Humanoids are stupid. Laugh at them.

Thursday, September 18, 2008

Infinite compulsion

Globe Editorial
The Boston Globe

BOTH in its form and in its content, David Foster Wallace's prose was dense with compulsions. His 1996 novel "Infinite Jest" was more than 1,000 pages long (after being edited down from 1,700). He reveled in endnotes - little snippets and asides and half-jokes that he couldn't bear to part with - and the 1996 novel comes with a thicket of them. The title refers to a film that is so entertaining it more or less burns out the brains of its viewers. The novel's plot unfolds in the shadow of an apparent suicide, and dwells on competition, depression, and, above all, addiction.

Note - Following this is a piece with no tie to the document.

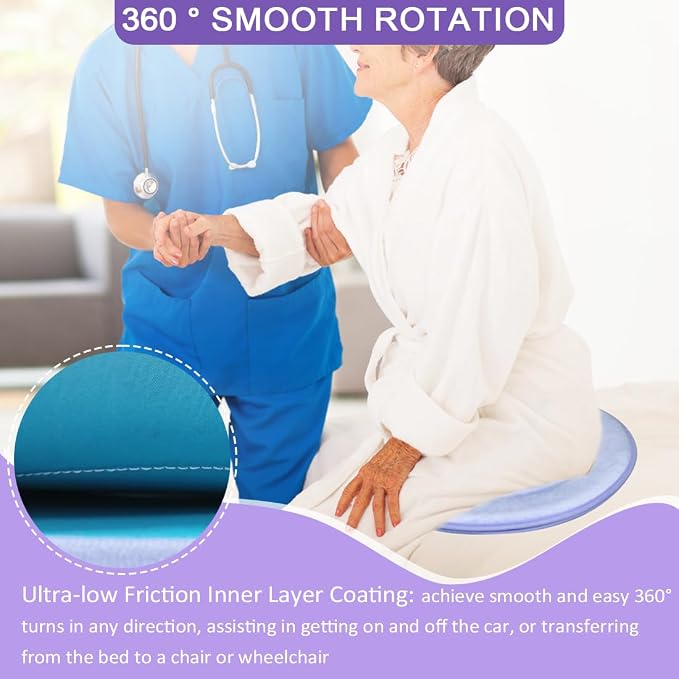 Swivel Seat Cushion 360 Degree Rotating Seat Cushion Light Weight Portable Pivot Disc Pad for Elderly, Pregnant Woman, Swivel Car Seat. Easy Turning from Bed to Wheelchair or Chair-17.7"X17.7"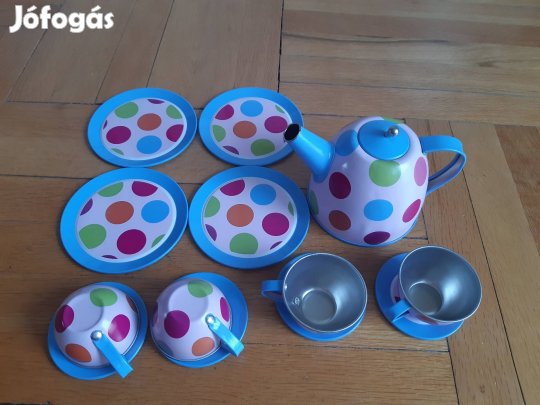 Retro stilusú fém gyerek kávéskészlet, teáskészlet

Because of his distinct literary mannerisms and knowing references to popular culture, Wallace had a reputation as an arch, often self-indulgent writer. But when Wallace took his own life Friday, the nation lost its most perceptive chronicler of conditions that grip the mind and refuse to let go.

He wasn't just playing around. As a master of irony, he also saw its limits better than anyone. The same writer who dreamed up the "Year of the Depend Adult Undergarment" also fretted, in an interview with Salon magazine, that "arch, meta, ironic, po-mo stuff" cannot be nourishing.

He found comfort in the platitudes of Alcoholics Anonymous. Addiction is "so awful that the only way to deal with it," he said, "is to build a wall at midnight and not look over it. Something as banal and reductive as 'One Day at a Time' enabled [addicts] to walk through hell."

In interviews, Wallace offered few specifics about his own history with drugs and mental illness. But he knew the inside of a psychiatric ward. And in one manner or another, he came to understand - and made his readers understand - the terrible intensity of compulsions mightier than one's own will.